BEGIN Exercise data

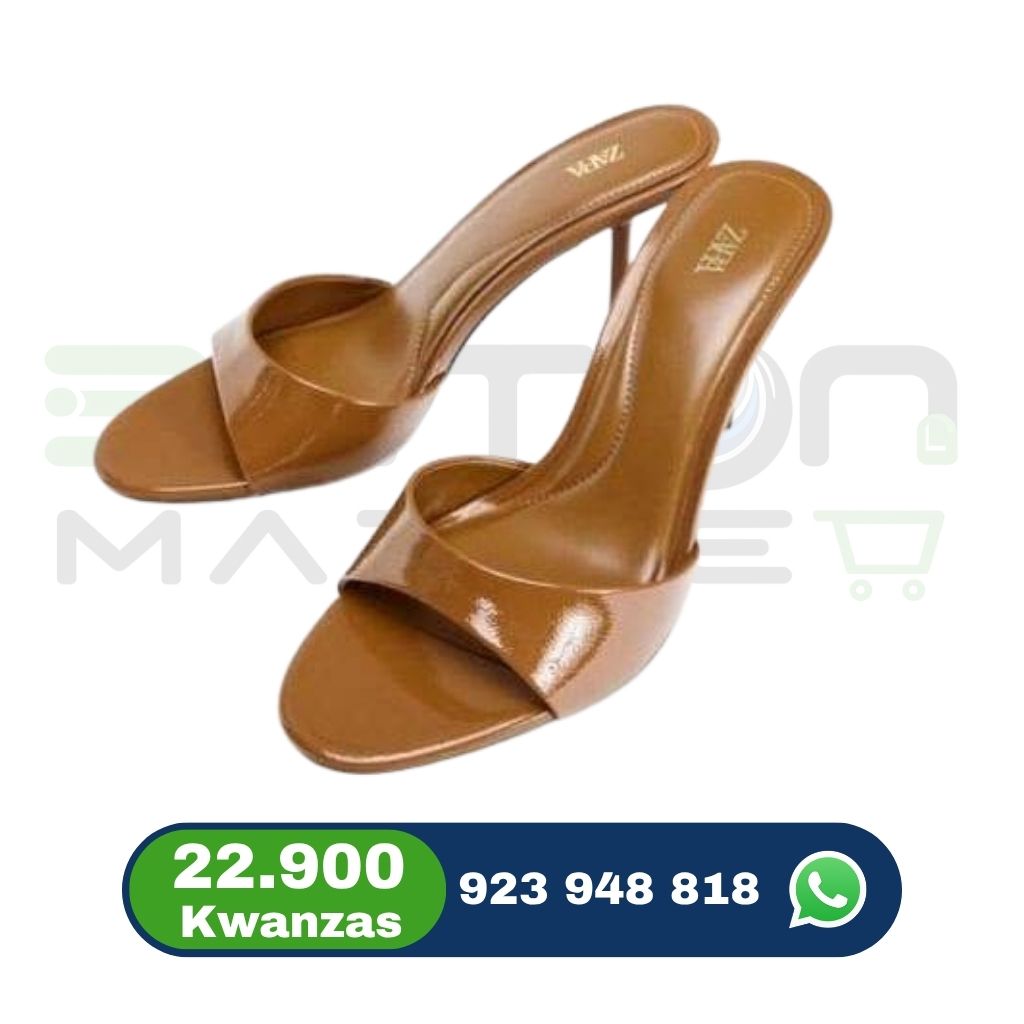 Mule Salto Alto Feminino Caramelo Envernizado
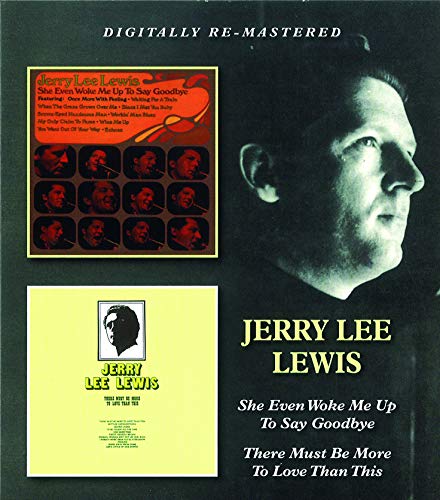 CD cover for Jerry Lee Lewis’ “She Even Woke Me Up,” with portraits.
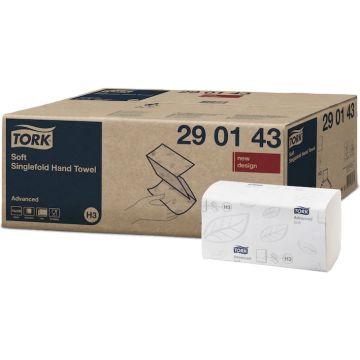 Ręcznik Papierowy Tork ZZ V-Fold Advanced Celuloza Dwuwarstwowy Biały 23x22,6cm (15x250 sztuk)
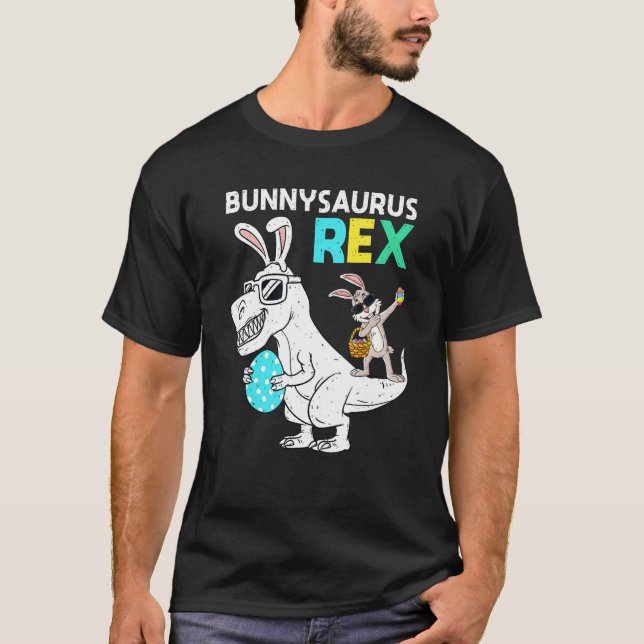 Camiseta T Rex Dino Dabbing Rabbit Boys Girls Kid Easter Bu (Frente)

END Exercise data

> [Work to be completed]: Your reply should consist solely of the lines from the one containing "Ręcznik Papierowy Tork" through the last line of the material, reproduced exactly and without pictures.

> [Output of the task]:
 Ręcznik Papierowy Tork ZZ V-Fold Advanced Celuloza Dwuwarstwowy Biały 23x22,6cm (15x250 sztuk)
 Camiseta T Rex Dino Dabbing Rabbit Boys Girls Kid Easter Bu (Frente)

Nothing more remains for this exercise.